A friend of mine asked me about the longer ending of Mark today. Mark 16:9-20 poses an interesting question because they are missing from some important early witnesses. There are also a additional verses found in some manuscripts (See Metzger, Textual Commentary on the New Testament, pp. 102-6).
As I was looking back through Mark 16:9-16 today, I was reminded about how this passage is such a collage of resurrection appearance episodes found in Matthew, Luke, and John. Mary Magdalene appears to Jesus as in John. There is an echo of the Lukan Emmaus story in Mark 16:12-13. Jesus gives the disciples a Matthean-like Great Commission, along with some pieces about the handling of serpents (which may reflect knowledge of Acts 28:3-6). The ascension of Jesus in Mark 16:19 also appears to indicate knowledge of Luke 24 and Acts 1, especially the final verse about the disciples preaching.

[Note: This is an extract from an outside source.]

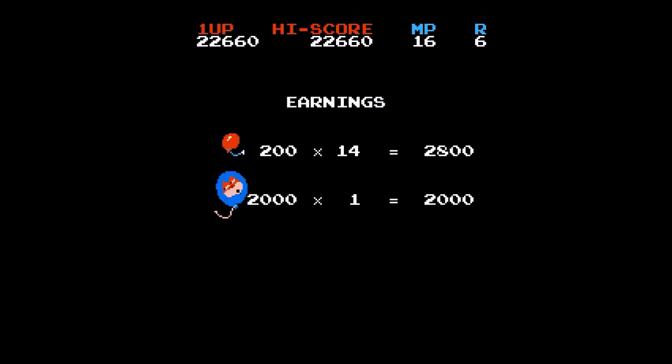That's it for 168-in-1. Hope you liked the video, and let me know if you'd like to see more about bootleg Famiclone cartridges. Till next time!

Recently, I have also noticed a couple features that may add to further evidence of Johannine influence. First, the deeds in 16:17-18 are called signs. Jesus' actions referred to as signs in John's Gospel. And second, Mark 16:9-16 is the only place in the Synoptic Gospels where the narrator uses the verb pisteuo. The verb is actually used three times vv. 14, 16, 17. In John, pisteuo is often used by the narrator.
These pieces of evidence along with the questionable manuscript history of Mark 16:9-20 suggests that this passage was added to Mark after its original writing and that the author of it most likely made use of the gospel traditions in the other three gospels.
For further reading, see Perspectives on the Ending of Mark: Four Views published by Broadman & Holman.